Malawian activists are planning a mass protest for Wednesday after talks with the government on political reforms that could see the United States and Britain resume aid to the country became deadlocked.
Civil rights groups want President Bingu wa Mutharika to explain his personal wealth, address foreign exchange and fuel shortages and reconcile with Britain, which froze aid after a diplomatic spat.
"Government has not met any demand in our petition and all they want us to do is to call off the demonstrations," said Billy Mayaya on behalf of the rights' groups.
Officials from the ruling party and rights groups were trying to reach a compromise to avert a possible protest after demonstrations last month left 19 protesters dead.
A senior presidential aide at State House confirmed negotiations had reached deadlock but declined to comment on the government's next step.
Mutharika has presided over six years of phenomenal economic growth which is teetering on the brink of collapse because of a diplomatic dispute with Britain, Malawi's biggest donor, over a leaked embassy cable that referred to him as "autocratic and intolerant of criticism".
The cable led to the expulsion of Britain's ambassador to Lilongwe, and in response, Britain expelled Malawi's representative in London and suspended budget support worth millions of dollars.

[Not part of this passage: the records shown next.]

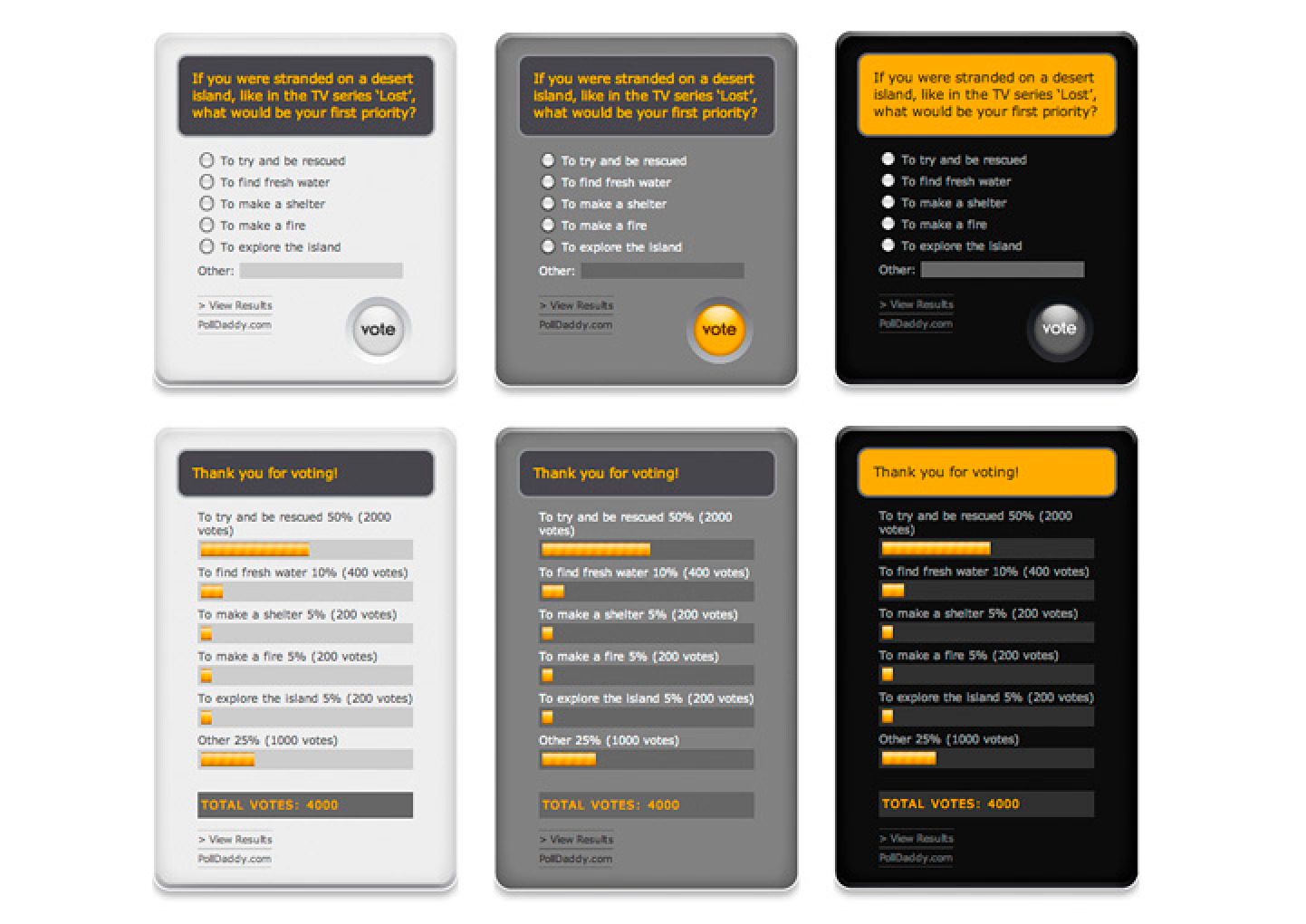 PollDaddy Portfolio Detail 10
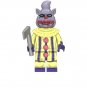 8Pcs Movie Character Killer Klowns Minifigures Horror Theme Joker Mini Block Toy
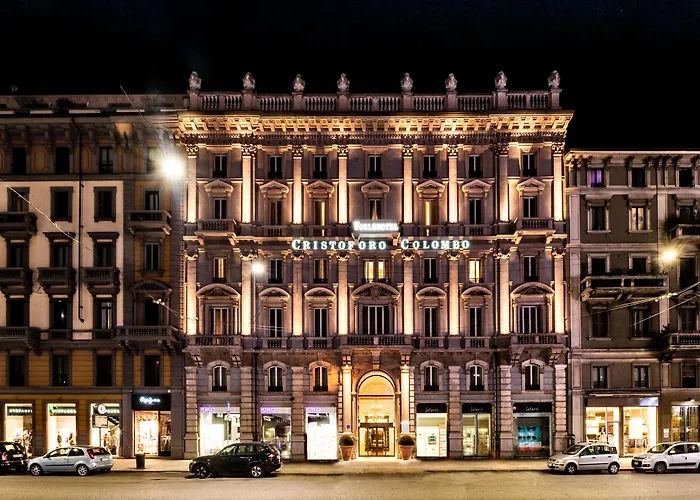 ワールドホテル クリストフォロ コロンボ 4* ミラノ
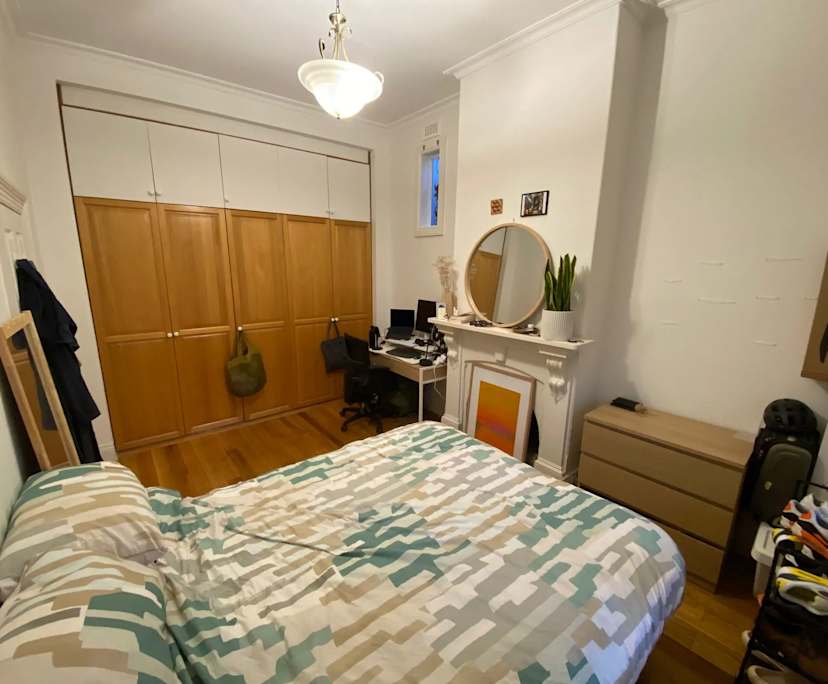 Unfurnished room in a share house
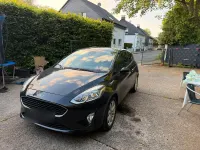 Usata Ford Fiesta 71 CV (52 kW) 2017 Nero Utilitaria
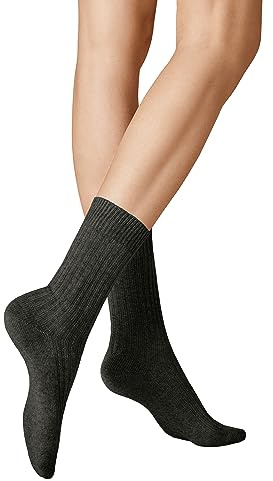 KUNERT Damen Socken Winter Dreams - Rib weich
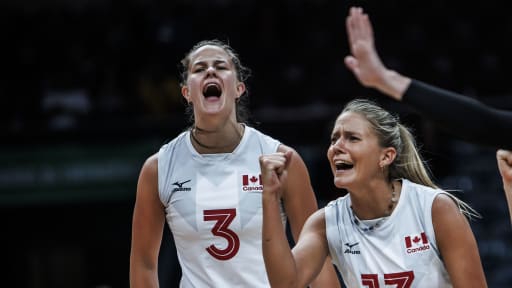 Canada one step closer to Paris after victory over Thailand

The freeze has left a yawning hole in the budget of a country reliant on handouts for 40 percent of its revenues, and intensified a dollar shortage that this week saw the government devalue its kwacha currency by 10 percent to 165 against the U.S. dollar.
The dollar crunch has also pushed up fuel prices and exacerbated an already chronic energy shortage, making a government economic growth forecast of 6.6 percent for this year look increasingly unrealistic.